**Assignment**
Set down the whole listing below exactly, without pictures.
⟨
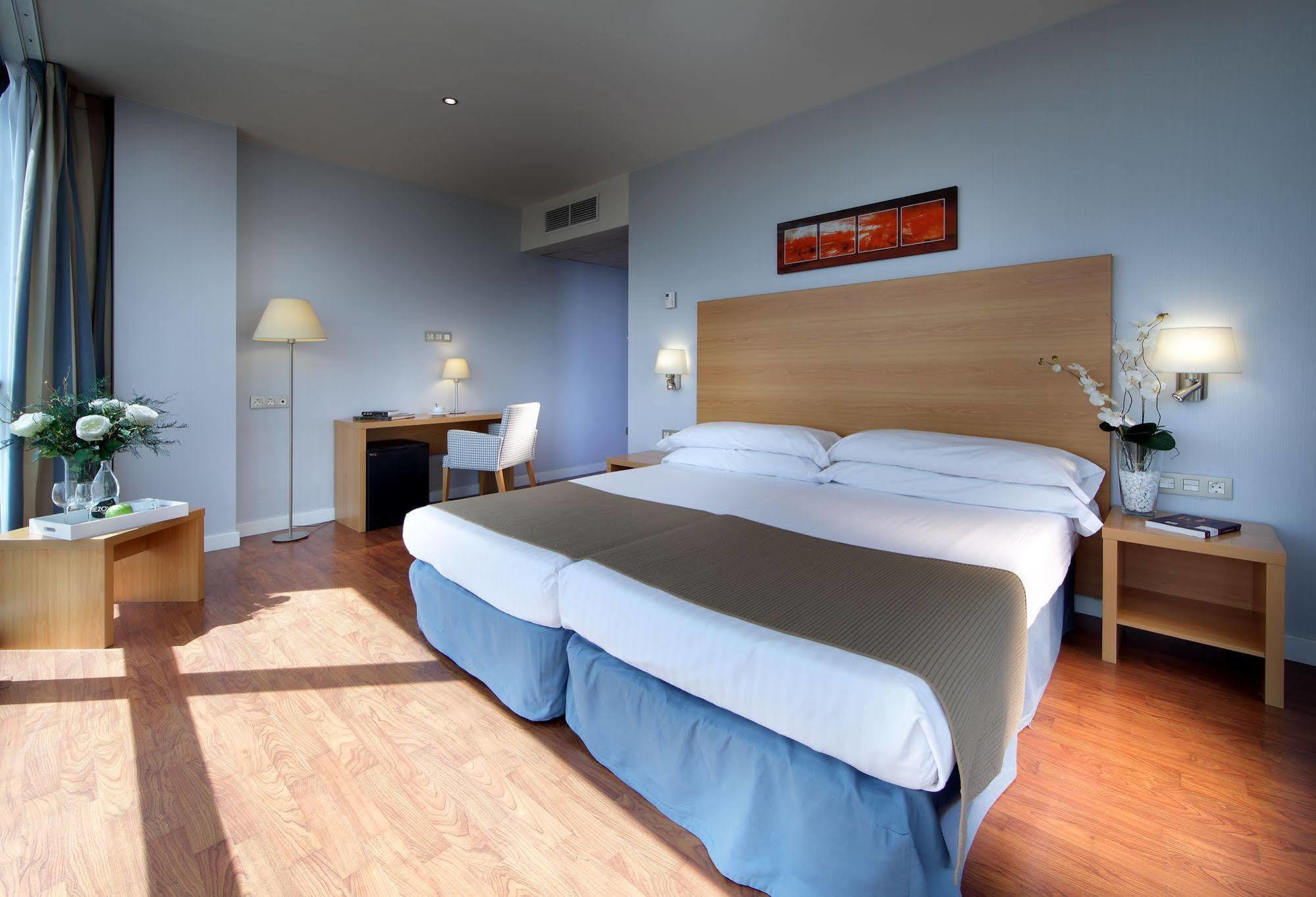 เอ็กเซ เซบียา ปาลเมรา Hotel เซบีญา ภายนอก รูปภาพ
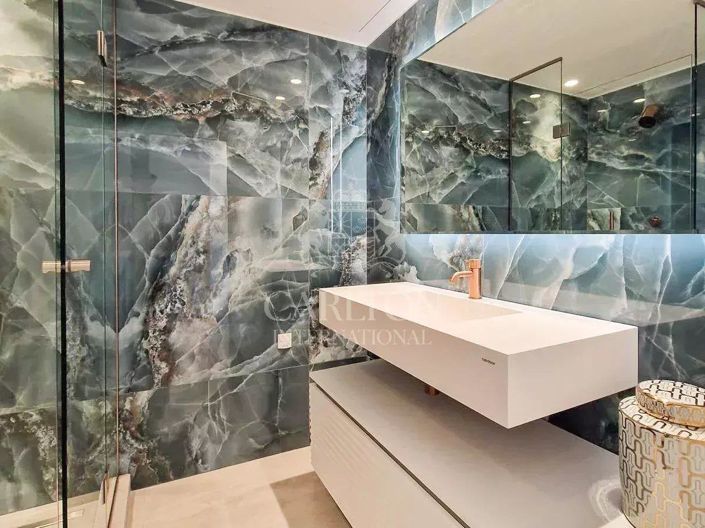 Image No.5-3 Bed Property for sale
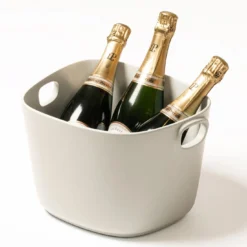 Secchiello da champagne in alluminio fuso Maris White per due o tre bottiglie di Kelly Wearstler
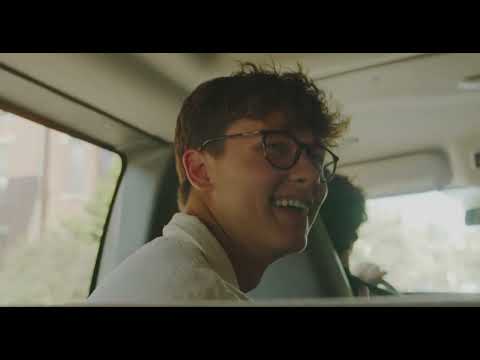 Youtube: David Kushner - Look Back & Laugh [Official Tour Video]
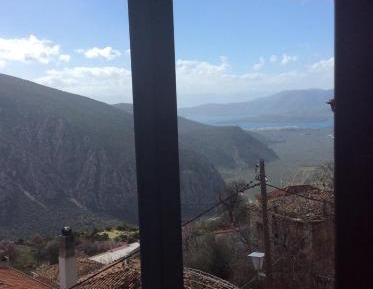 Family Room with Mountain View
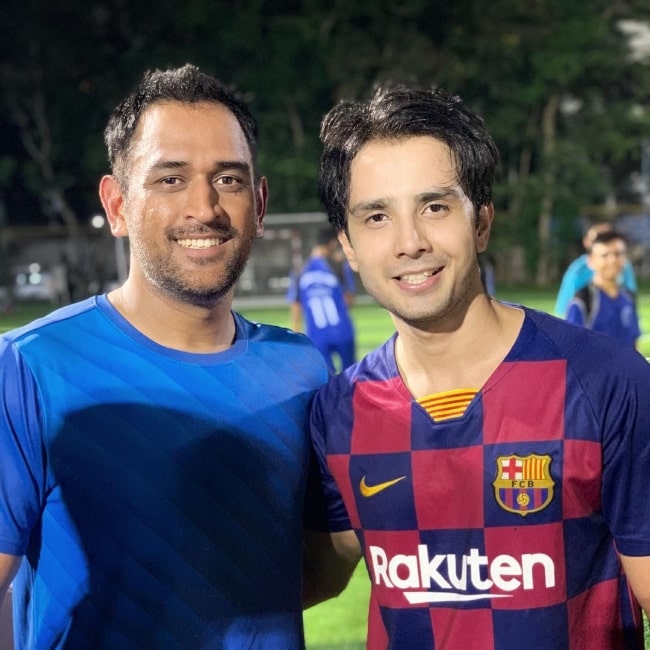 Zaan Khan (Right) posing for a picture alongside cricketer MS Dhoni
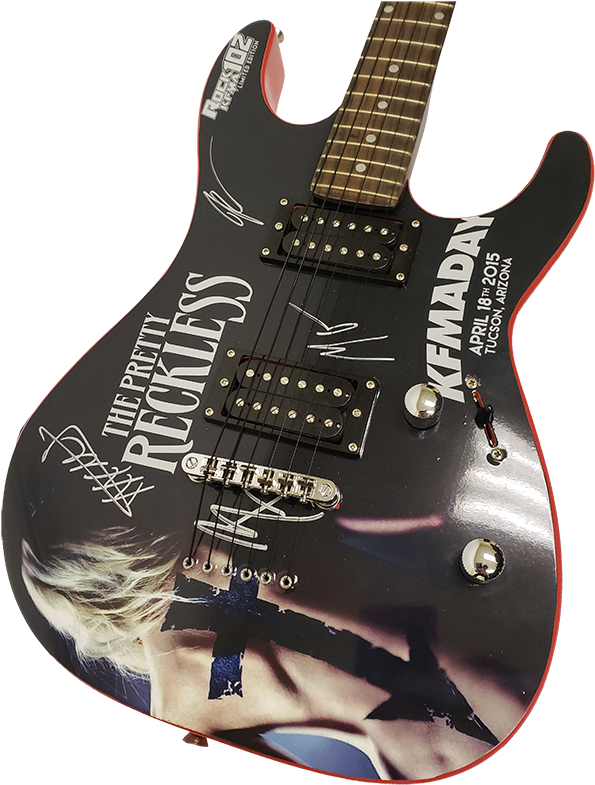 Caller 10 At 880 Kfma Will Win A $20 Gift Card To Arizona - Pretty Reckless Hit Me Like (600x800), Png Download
⟩
**Solved exercise**
 เอ็กเซ เซบียา ปาลเมรา Hotel เซบีญา ภายนอก รูปภาพ
 Image No.5-3 Bed Property for sale
 Secchiello da champagne in alluminio fuso Maris White per due o tre bottiglie di Kelly Wearstler
 Youtube: David Kushner - Look Back & Laugh [Official Tour Video]
 Family Room with Mountain View
 Zaan Khan (Right) posing for a picture alongside cricketer MS Dhoni
 Caller 10 At 880 Kfma Will Win A $20 Gift Card To Arizona - Pretty Reckless Hit Me Like (600x800), Png Download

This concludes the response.